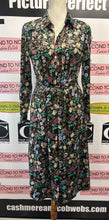 Load image into Gallery viewer, Vero Moda Floral Maxi Dress (Size S)
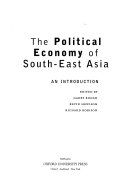 The political economy of South-East Asia : an introduction /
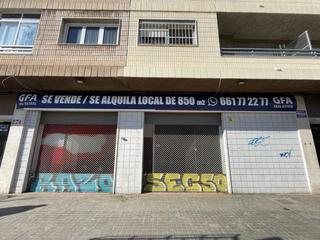 Local Comercial en L´Hort de Senabre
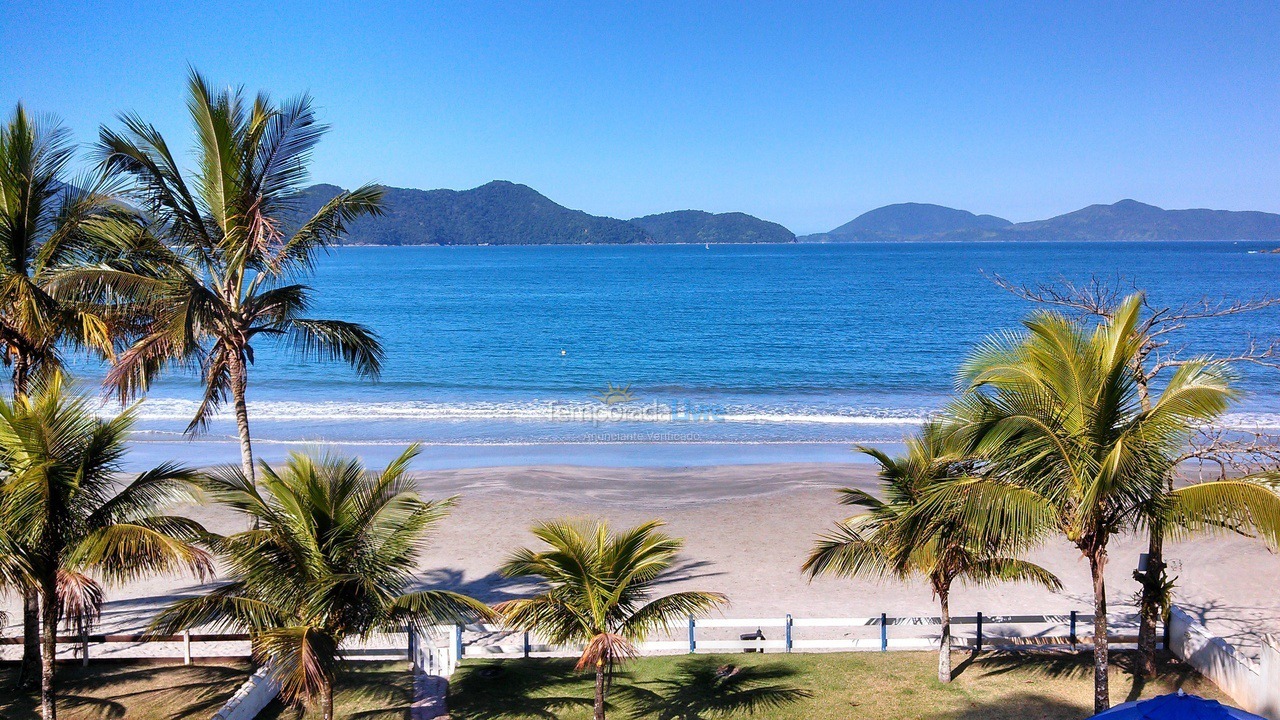 Casa para aluguel de temporada em Ubatuba (Praia da Fortaleza)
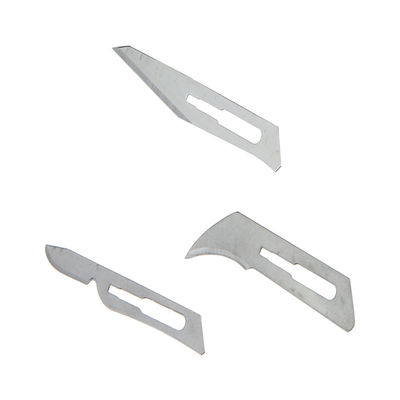 calidad  BD001 Sharp Dental Sterile Surgical Blades With CE ISO fábrica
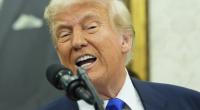 Donald Trump glaubt: Sein Papst-Bild kam bei Katholiken gut an.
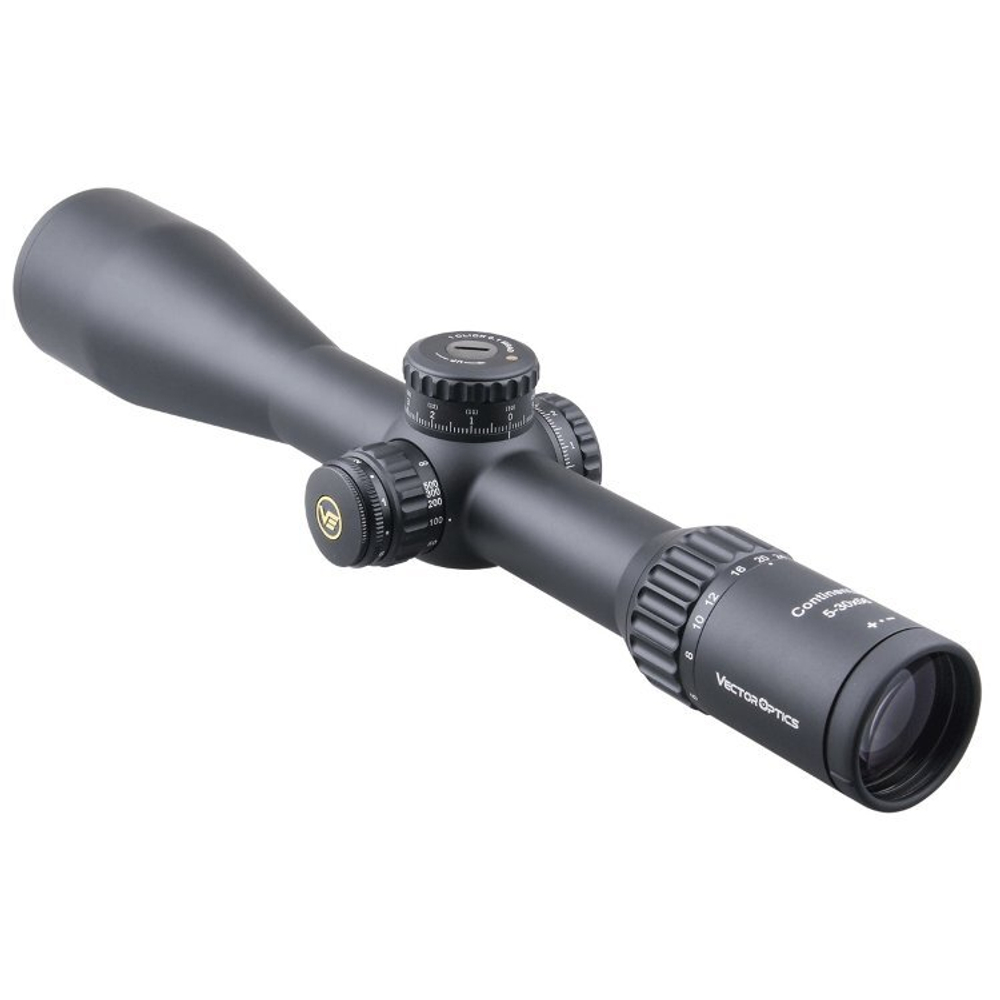 Прицел Vector Optics Continental 5-30x56, 34 мм, Tactical FFP
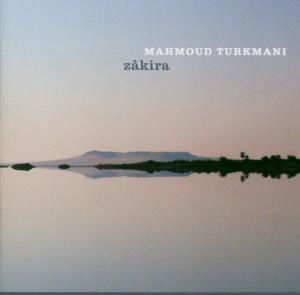 Cover for Mahmoud Turkmani · Zakira (CD) (2016)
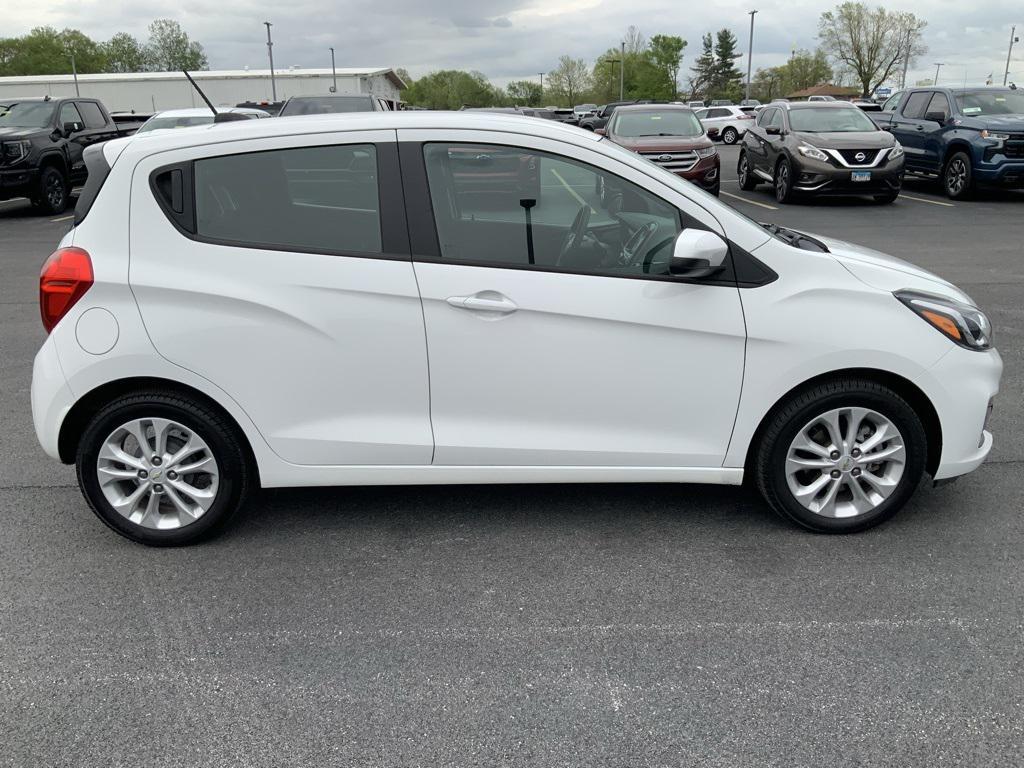 used 2020 Chevrolet Spark car, priced at $10,200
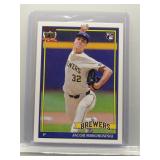 Jacob Misiorowski 2026 Topps '91 rookie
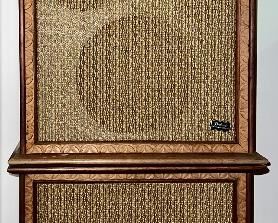 Vintage Wharfedale speakers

WHAT NEEDS TO BE DONE: All pictures are to be skipped; the lines from the first line of the records through the line containing "used 2020 Chevrolet" are to be repeated exactly, both ends included.

RESULT OF THE EXERCISE:
 Load image into Gallery viewer, Vero Moda Floral Maxi Dress (Size S)
 The political economy of South-East Asia : an introduction /
 Local Comercial en L´Hort de Senabre
 Casa para aluguel de temporada em Ubatuba (Praia da Fortaleza)
 calidad  BD001 Sharp Dental Sterile Surgical Blades With CE ISO fábrica
 Donald Trump glaubt: Sein Papst-Bild kam bei Katholiken gut an.
 Прицел Vector Optics Continental 5-30x56, 34 мм, Tactical FFP
 Cover for Mahmoud Turkmani · Zakira (CD) (2016)
 used 2020 Chevrolet Spark car, priced at $10,200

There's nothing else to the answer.